The African American Shakespeare Company

D.T. Lee

From a Midsummer Night's Dream to Reality

Since the summer of 1993, actress Sherri Young had envisioned productions of classical plays infused with the life experiences of people of color. She wanted to create a theater company that would challenge long-existing casting prejudices, expand the realm of dramatic storytelling, and provide new opportunities for African-American theater professionals.

As Young saw it, earning acceptance within presentations of European classical theater is important to actors--regardless of color--who take their craft seriously. For one thing, the Bard rules. According to the journalists who compiled the book 1,000 Years, 1,000 People: Ranking the Men and Women Who Shaped the Millennium, Shakespeare is the fifth-most-important person in this millennium. The Guinness Book of World Records lists him as the most filmed author ever, with more than 300 direct and 40 loosely based film adaptations of his plays. His impact on the world's art and culture is as far-reaching and as indelible as India ink spilled on cotton.

Within all of Shakespeare's works are parts of substance for which most actors would kill. Furthermore, throughout the world, classical theater is considered the barometer by which an actor's artistry and craftsmanship are measured. Regardless of the credits that an actor has accumulated--whether onscreen or onstage--industry executives inevitably ask, Have you done Shakespeare?

After auditioning and being passed over for Shakespearean roles many times over, Young decided that she was no longer willing to sit still or, worse, to beg for crumbs from the large theater companies. In the fall of 1993, she gathered a few close friends around a table to discuss an idea that had been haunting her like Banquo's ghost.
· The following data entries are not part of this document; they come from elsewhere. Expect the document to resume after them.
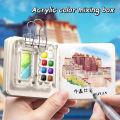 Mini Watercolor Palette Empty 8/15 Grids Portable Paint Box Travel Painting Watercolor Packaging Paint Tray Art Supplies Lingxue. 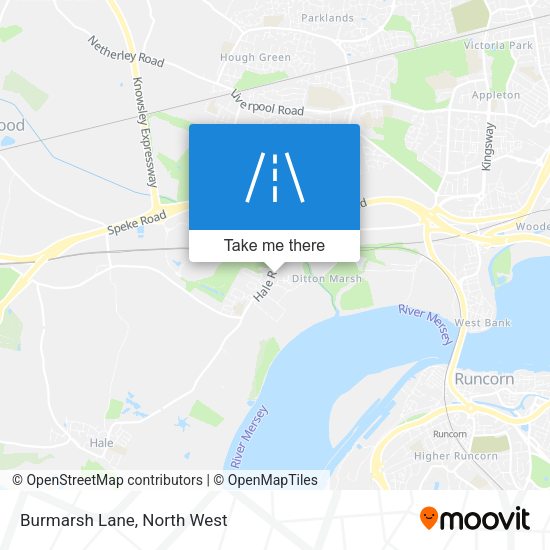 Burmarsh Lane map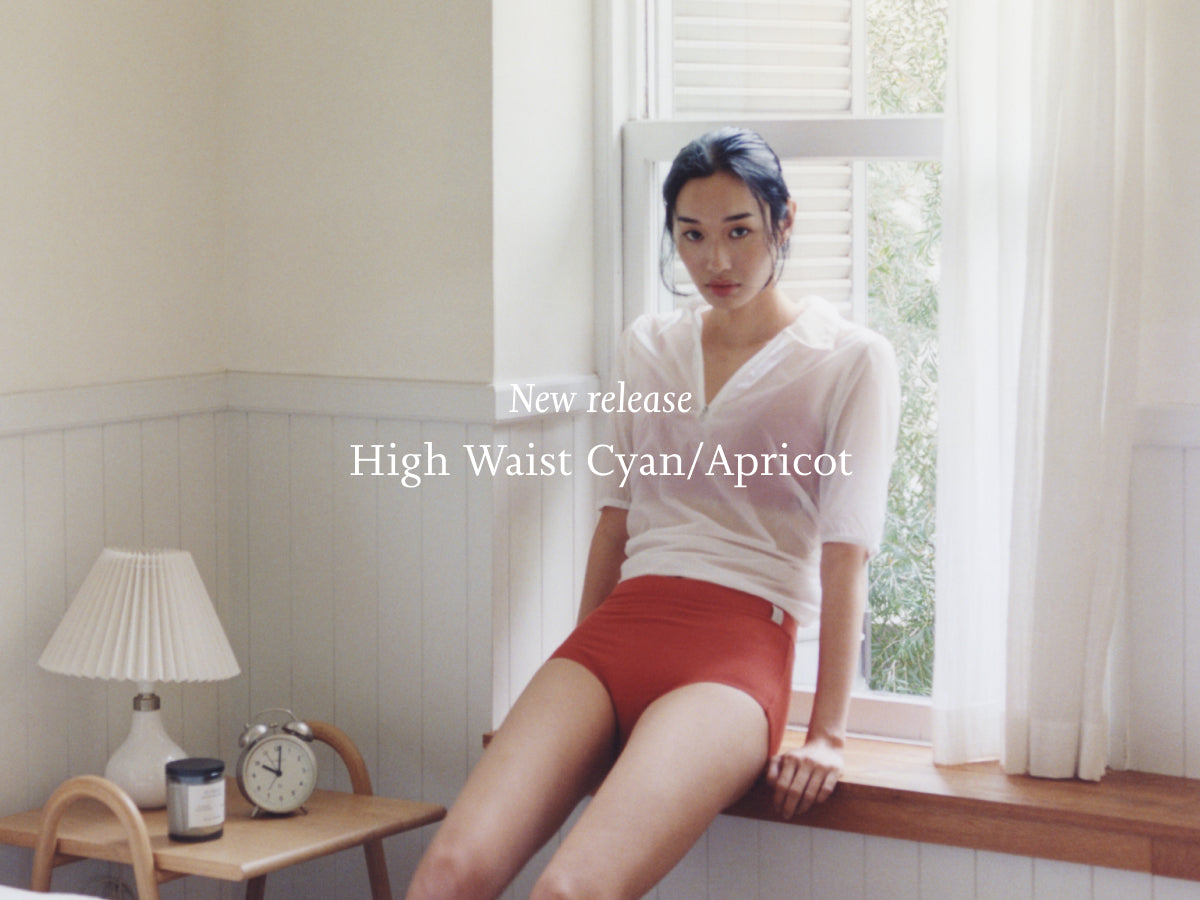 【新色】人気の High Waist Full Cover Bikini に Apricot & Cyan が登場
One of the friends Young summoned was Bonnee Stingily, a fellow trouper. When Young and Stingily were approaching the end of their studies at the American Conservatory Theater, in San Francisco, they started to consider the roles they might never be allowed to play, the challenges they might never be allowed to conquer.

"As graduate students, we were receiving training in classical material," Stingily says. "Sherri and I both really enjoyed it. And we started to ask each other, When will we ever get to do this material again?"

The prospects looked bleak. The two actresses had gained much from studying and performing classical material and believed that they had much to offer, but Stingily felt that a joke often repeated in the African- American theater community seemed to describe their fates: "The only way we will get to do Shakespeare is as one of the three witches in Macbeth." The quip grows out of a tragic truth: Directors and casting agents routinely turn away actors and actresses of color when they are selecting players for Shakespeare's major roles.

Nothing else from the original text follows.